Examine companies' financial performance over time

In this program, I build from Compustat a data set that contains various financial measures for U.S. companies; they are calculated from annual financial statements. This data set can be used to study and compare the performance of one or more companies over time. As an illustration, I plot four figures below using this data. The first two shows the market leverage, asset turnover, and profit margin, as well as the asset and sales growth and the market-to-book (assets) ratio for Tesla Inc. (gvkey = 184996) over the past five fiscal years. The latter two figures compare Tesla with Ford and GM.
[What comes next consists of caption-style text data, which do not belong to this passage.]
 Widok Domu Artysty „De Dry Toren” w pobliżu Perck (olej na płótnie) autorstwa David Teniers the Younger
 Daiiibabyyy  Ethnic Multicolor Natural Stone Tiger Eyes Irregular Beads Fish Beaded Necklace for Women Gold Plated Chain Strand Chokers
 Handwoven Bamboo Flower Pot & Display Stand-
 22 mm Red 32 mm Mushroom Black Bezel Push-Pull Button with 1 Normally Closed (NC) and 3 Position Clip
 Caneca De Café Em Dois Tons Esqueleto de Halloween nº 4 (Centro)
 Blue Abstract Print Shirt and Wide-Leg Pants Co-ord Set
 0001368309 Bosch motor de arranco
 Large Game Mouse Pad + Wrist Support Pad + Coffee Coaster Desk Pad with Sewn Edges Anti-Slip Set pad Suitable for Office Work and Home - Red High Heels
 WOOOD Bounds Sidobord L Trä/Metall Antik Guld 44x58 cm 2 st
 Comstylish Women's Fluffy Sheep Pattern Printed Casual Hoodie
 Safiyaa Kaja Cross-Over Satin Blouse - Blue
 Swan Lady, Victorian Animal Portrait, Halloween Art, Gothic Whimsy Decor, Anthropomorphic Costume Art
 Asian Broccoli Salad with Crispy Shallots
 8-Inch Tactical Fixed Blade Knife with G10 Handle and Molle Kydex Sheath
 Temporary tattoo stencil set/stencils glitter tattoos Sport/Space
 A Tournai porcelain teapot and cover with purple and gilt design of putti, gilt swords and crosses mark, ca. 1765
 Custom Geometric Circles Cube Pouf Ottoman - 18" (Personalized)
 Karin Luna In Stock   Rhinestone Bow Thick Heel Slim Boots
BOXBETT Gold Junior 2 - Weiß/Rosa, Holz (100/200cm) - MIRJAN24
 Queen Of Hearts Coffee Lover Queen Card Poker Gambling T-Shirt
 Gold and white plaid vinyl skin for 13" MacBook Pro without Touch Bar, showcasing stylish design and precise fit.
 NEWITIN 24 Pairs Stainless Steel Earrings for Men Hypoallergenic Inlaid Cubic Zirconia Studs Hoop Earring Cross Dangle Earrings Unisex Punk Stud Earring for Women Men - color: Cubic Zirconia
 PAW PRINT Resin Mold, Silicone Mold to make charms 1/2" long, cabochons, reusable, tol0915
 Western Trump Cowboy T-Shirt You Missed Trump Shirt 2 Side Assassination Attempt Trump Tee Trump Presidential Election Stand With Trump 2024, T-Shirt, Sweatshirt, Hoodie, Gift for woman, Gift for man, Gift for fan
Tesla did not use much leverage in the past five years. Its market leverage was about 8 percent in the 2015 fiscal year. That number increased to around 17 percent in 2016 and remained there ever since. Tesla's asset turnover declined from 50 percent in 2015 to roughly 30-40 percent in 2016-17. That number climbed back and reached more than 70 percent in 2018-19, suggesting that Tesla has become more effective in generating sales. That said, Tesla has not been good at generating profit. It has a negative profit margin in 2015-18. That number only turned positive in 2019. Tesla's book value of assets almost tripled in 2016, which is driven largely by the acquisition of SolarCity. But it has been growing rapidly nonetheless: Its balance sheet expanded by 38 and 26 percent in 2015 and 2017, respectively; that number slipped to 4 and 15 percent in 2018 and 2019, respectively. Tesla's sales also increased rapidly. In particular, its annual sales grew by 73, 68, and 83 percent in 2016, 2017, and 2018, respectively. But that number declined to less than 15 percent in 2019. Before the acquisition of SolarCity, Tesla's market value of assets was five times its book value, while after the acquisition, that number declined to around three (still a pretty high valuation).

In comparison, Ford and GM used much more leverage: about 70-80 percent for the former, and around 60 percent for the latter. But their growth seem to have stagnated, with both firms' sales growth hovering around zero.

Without further ado, let's dive into the code!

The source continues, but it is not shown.